The Kennedy brothers had our backs in ways no one else did or does; they were civil rights icons. Senator Kennedy's death signifies the end of a political era (eagerly anticipated by some), a generational milestone in a family dynasty, and yields a gaping hole in liberal leadership. There are younger Kennedys doing good things with significant impact, but how many from the platform of public office? How many Kennedy proteges on the Hill or in state legislatures or Governors' mansions?

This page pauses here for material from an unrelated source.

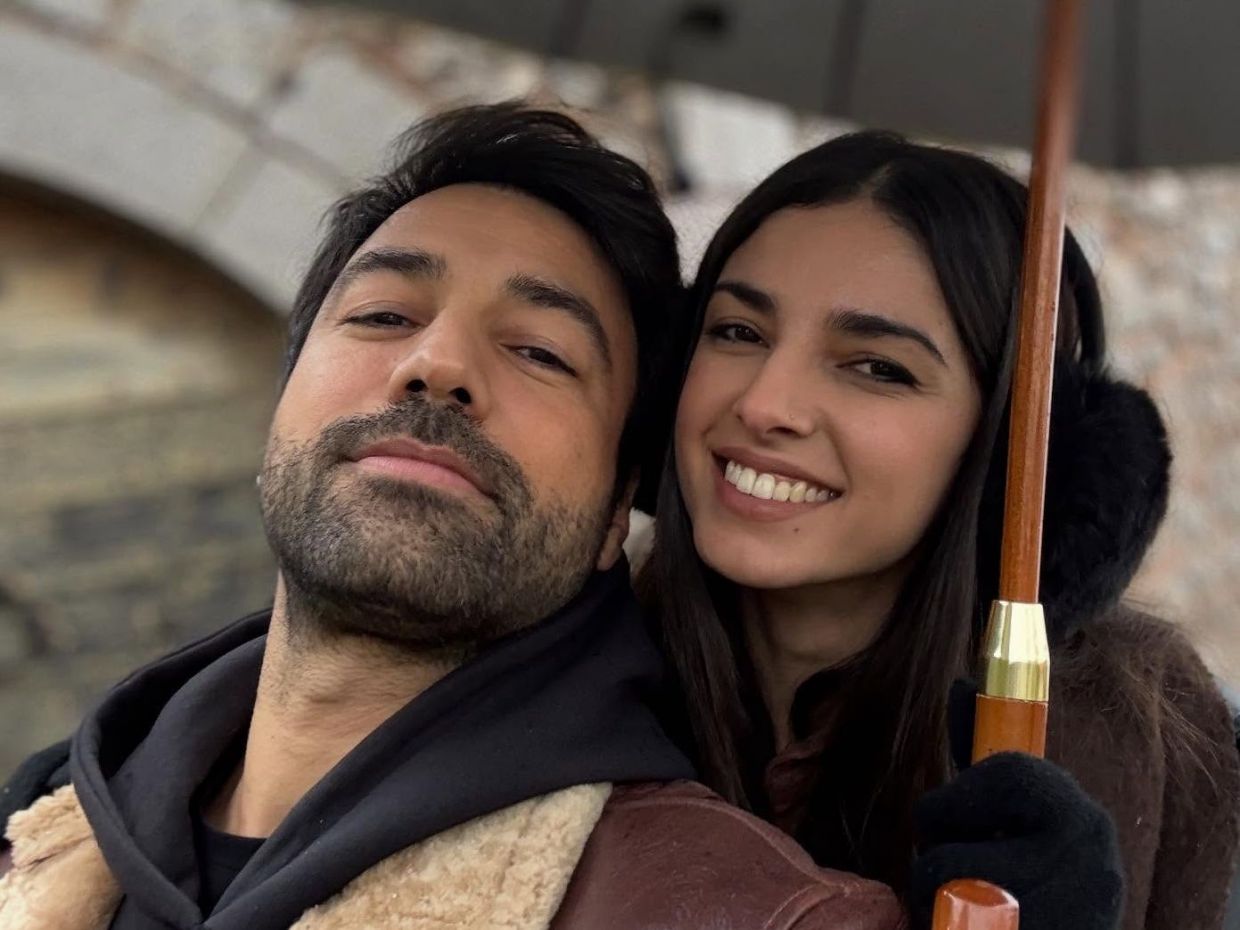 Το μαρτυρικό φινάλε στη Γη της ελιάς για το 2025 και ο μοναχικός γάμος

Ted Kennedy's eulogy of his brother Bobby,can be accurately applied to himself:
My brother need not be idealized, or enlarged in death beyond what he was in life, to be remembered simply as a good and decent man, who saw wrong and tried to right it, saw suffering and tried to heal it, saw war and tried to stop it.
Ted Kennedy was a good and decent man, a son of America's royal family, and like any of us, he had shortcomings. His legacy is stained by family and personal tragedyies, none private, but known around the world. Still, even without "enlarging in death beyond what he was in life", it's difficult to fully grasp the breadth of the positive impact of Ted Kennedy's life at work. The most we can do, is stand in line to pay homage before his flag-draped casket, and clasp the hands of his wife and nephew in remembrance. Hopefully, this evening's private celebration of his life will be a huge, happy and raucous Irish wake; maybe it can come close to being as big as the man.

1 comment:

The BoBo said...

A real man wouldn't leave a woman to die in the back of a sinking car. Mary Jo Kopechne was still alive in that back seat when Teddy boy ran off like a coward.

"The diver who recovered Kopechne’s body, John Farrar testified at the official inquest that her body was found where the air pocket would have formed. He said: “Had I received a call within five to ten minutes of the accident occurring, and was able, as I was the following morning, to be at the victim's side within twenty-five minutes of receiving the call, in such event there is a strong possibility that she would have been alive on removal from the submerged car.” " (http://spectator.org/archives/2009/08/28/the-kopechne-effect)

Anybody who continues to praise this coward is being dishonest. He should have been in jail for murder this whole time - but - he was "privileged" and a Kennedy and got away with it.